また、マセラティがグローバルな高級ブランドである以上、中国市場だけに頼って生き残れるものではない、と筆者は断じています。では、なぜマセラティはこのような苦境に陥ったのでしょうか。その答えを探るには、ブランドの歴史を紐解く必要があります。

「三叉の矛」の苦難の歴史:高級ブランドのアイデンティティを巡る旅

レーシングブランドからGT、そして大衆化の波へ

1914年に設立されたマセラティは、その最初の40年間、アウディ、メルセデス・ベンツ、フェラーリと肩を並べるレーシングブランドでした。たとえ後にレース界から徐々に距離を置くようになっても、常に豪華なGTカーの製造にこだわり続けました。

しかし、マセラティのブランドアイデンティティは、その歴史の中で幾度となく揺らぎます。5番目のオーナーであるイタリア人レーサー兼実業家のアレハンドロ・デ・トマソ氏がブランドを買収した時期は、石油危機の真っ只中でした。大排気量のスポーツカーが売れなくなった時代にあって、彼はマセラティをより「親しみやすいブランド」へと再定義し、革新的な「Biturbo(ビトゥルボ)」モデルを発表。これにより、瀕死の状態だったマセラティは一時的に息を吹き返しました。

しかし、このBiturboは17年間もの長きにわたり製造され続け、デ・トマソ氏統治下のマセラティは、その豪華ブランドとしての本質を失っていきます。品質管理の悪評も残り、結果としてマセラティは再び閉鎖の危機に瀕してしまいます。

フィアット、そしてフェラーリへの託宣

次に手を差し伸べたのはフィアットグループでした。1993年、フィアットは瀕死のマセラティを買い取ります。「イタリアがイタリアを助ける」という思いがあったものの、小型車の製造を得意とするフィアットにとって、長年の積年の問題を抱えるマセラティは本当に手に負えない存在でした。

しかし、マセラティには幸運がありました。フィアットは、かつてマセラティのライバルだったもう一つの高級ブランド、フェラーリを傘下に持っていたのです。フィアットは「救えないなら、いっそのこと丸ごと刷新してしまおう」と考え、1997年、所有していたマセラティの株式を、独立して運営していたフェラーリへと譲渡しました。フェラーリは、マセラティの歴史において最も重要な…。

まとめ:マセラティの未来と高級EV市場の行方

記事はここで途切れていますが、マセラティがフェラーリの傘下に入ったことが、ブランド再建の重要な転換点となったことは想像に難くありません。

今回の中国市場での「純電動グレカーレ」のヒットは、マセラティにとって一時的な光明となるかもしれません。
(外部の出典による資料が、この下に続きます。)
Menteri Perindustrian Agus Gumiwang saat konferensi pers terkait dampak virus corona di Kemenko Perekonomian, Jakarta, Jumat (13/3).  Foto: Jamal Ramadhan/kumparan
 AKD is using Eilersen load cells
しかし、高級ブランドとしてのアイデンティティを維持しつつ、急速に進むEV化の波に対応し、激しい価格競争が繰り広げられる中国市場で持続的な成功を収めることは容易ではありません。一時的な割引販売による販売台数の増加は、ブランド価値の希薄化に繋がるリスクもはらんでいます。マセラティが、その苦難の歴史を乗り越え、EV時代に「三叉の矛」の輝きを再び放つことができるのか、今後の動向が注目されます。